## Try it
Every line below between the line holding "An Art Deco" and the line holding "Large Fenced in", inclusive, should be repeated exactly, and all other lines omitted.

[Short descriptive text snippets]
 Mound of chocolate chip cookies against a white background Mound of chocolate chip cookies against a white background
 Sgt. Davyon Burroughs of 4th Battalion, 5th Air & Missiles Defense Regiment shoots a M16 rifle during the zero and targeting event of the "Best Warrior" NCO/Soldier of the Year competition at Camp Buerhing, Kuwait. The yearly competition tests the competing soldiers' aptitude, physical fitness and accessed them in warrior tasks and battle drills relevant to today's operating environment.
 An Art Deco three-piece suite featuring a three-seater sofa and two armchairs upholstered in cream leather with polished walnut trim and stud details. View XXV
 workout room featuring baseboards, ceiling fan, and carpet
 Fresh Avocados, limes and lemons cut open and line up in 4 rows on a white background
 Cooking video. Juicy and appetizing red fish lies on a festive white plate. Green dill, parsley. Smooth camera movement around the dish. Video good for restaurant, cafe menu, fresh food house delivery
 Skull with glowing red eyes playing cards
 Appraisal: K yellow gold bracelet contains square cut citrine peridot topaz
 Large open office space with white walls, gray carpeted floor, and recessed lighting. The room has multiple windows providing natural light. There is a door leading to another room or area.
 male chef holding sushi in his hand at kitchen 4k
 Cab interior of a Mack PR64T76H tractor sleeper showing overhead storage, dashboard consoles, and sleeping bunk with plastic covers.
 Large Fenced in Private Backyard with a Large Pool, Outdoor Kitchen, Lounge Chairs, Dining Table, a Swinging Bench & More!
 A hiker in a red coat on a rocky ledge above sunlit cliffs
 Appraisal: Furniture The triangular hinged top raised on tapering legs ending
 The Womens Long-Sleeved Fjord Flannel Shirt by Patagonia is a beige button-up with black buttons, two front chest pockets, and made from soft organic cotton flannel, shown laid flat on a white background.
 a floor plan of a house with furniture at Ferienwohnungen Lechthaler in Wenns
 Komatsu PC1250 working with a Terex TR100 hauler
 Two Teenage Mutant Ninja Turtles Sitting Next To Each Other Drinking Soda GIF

## Task answer
 An Art Deco three-piece suite featuring a three-seater sofa and two armchairs upholstered in cream leather with polished walnut trim and stud details. View XXV
 workout room featuring baseboards, ceiling fan, and carpet
 Fresh Avocados, limes and lemons cut open and line up in 4 rows on a white background
 Cooking video. Juicy and appetizing red fish lies on a festive white plate. Green dill, parsley. Smooth camera movement around the dish. Video good for restaurant, cafe menu, fresh food house delivery
 Skull with glowing red eyes playing cards
 Appraisal: K yellow gold bracelet contains square cut citrine peridot topaz
 Large open office space with white walls, gray carpeted floor, and recessed lighting. The room has multiple windows providing natural light. There is a door leading to another room or area.
 male chef holding sushi in his hand at kitchen 4k
 Cab interior of a Mack PR64T76H tractor sleeper showing overhead storage, dashboard consoles, and sleeping bunk with plastic covers.
 Large Fenced in Private Backyard with a Large Pool, Outdoor Kitchen, Lounge Chairs, Dining Table, a Swinging Bench & More!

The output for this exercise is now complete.